俺は魔力の弾を交わしながら、シェリルに聞く。
「おい、シェリル。まさかこれが、本気じゃあないよなぁ?」
「勿論、今の私の力は三割くらいかな」
シェリルは無数の魔力の弾での攻撃を辞めて言う。
それなら良かった。
これで本気だと言われたら、間違いなくキレてたな俺。
これが本気じゃないなら、マジで期待できるな。
「だったら、そろそろ本気で来いよ。

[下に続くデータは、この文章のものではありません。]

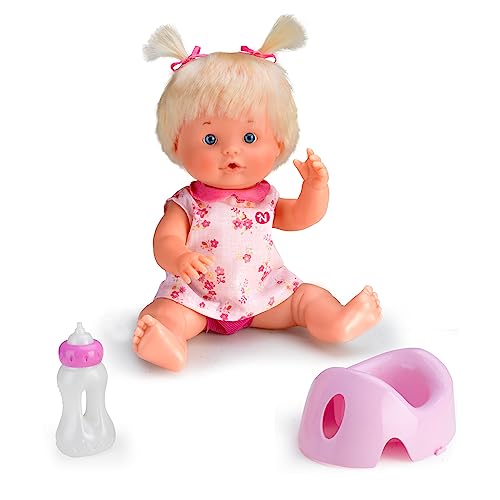 Boneca FAMOSA Nenuco Bebe Y Hace Pipi Rosa Famosa - Bonecas - boneca, famosa, nenuco, bebé, faz pipi, rosa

準備運動はもういいだろ?」
俺はシェリルの本気が待ちきれず、シェリルに本気を出すように言う。
「そうだね、君も痺れを切らしている様だしね! それじゃあ、お望み通り本気を出すとしようかな」
そう言ってシェリルは、杖を前に突き出して息を整える。
やっと、シェリルの本気が見れんのか。
さぁて、どんなのが来んのかなぁ。
俺の三割の力というと臨界突破か……。
シェリルの本気は臨界突破を使うに値するのかどうか、見せてもらおうじゃないか。
「行くよ! ゼローグ殿! 臨界突破!」
――っ! ハハッ! 本気かよっ!
まさか、シェリルが臨界突破を使えるとは……。
シェリルの持っていた杖は、光り輝き粒子となりシェリルの全身を覆っていく!
光の粒子はシェリルの全身を覆った後、鎧を形成していく!
あれが、シェリルの所有する神器全てを従えし魔術の王女の、臨界突破者の姿か……。
まるで絵本に出てくる様な魔女を模した黒い全身鎧だが、王女が着るようなドレスにも見える。
……あぁ、そうか……。
それで魔術の王女って訳ね……。
「フフフ、ククク、フハハハハハハハ! 本格的に面白くなってきたじゃねぇかっ!」
いいぜ、いいぜ。
最っ高に面白くなってきたぁ!
久しぶりに本気で、楽しめそうな戦いになりそうだ!
「臨界突破者、全てを従えし魔術の王女、全身鎧!」
何だと!? 臨界突破者になって神器の名が変わった?
そんな臨界突破すると名前の変わる神器があるのか……。
まぁ、考えるのは後だ。
そんじゃあ、俺も臨界突破するとしよう。
「臨界突破!」
変化する鎧は光の粒子となり、俺の全身を覆った後鎧を形成する!
「臨界突破者! 変化する鎧、全身鎧!」
そういえば、変化する鎧の臨界突破者状態で、戦うのはルイーザとの修行を除けば初だな。
「――っ!」
シェリルは俺の変化に驚くが、直ぐに気を取り直した。
「さぁ! ここからが本番だ! 行くぞ、シェリルぅぅぅ!」
俺とシェリルはお互いに飛び出して行き、俺達の戦いは先程よりも更に激化した――。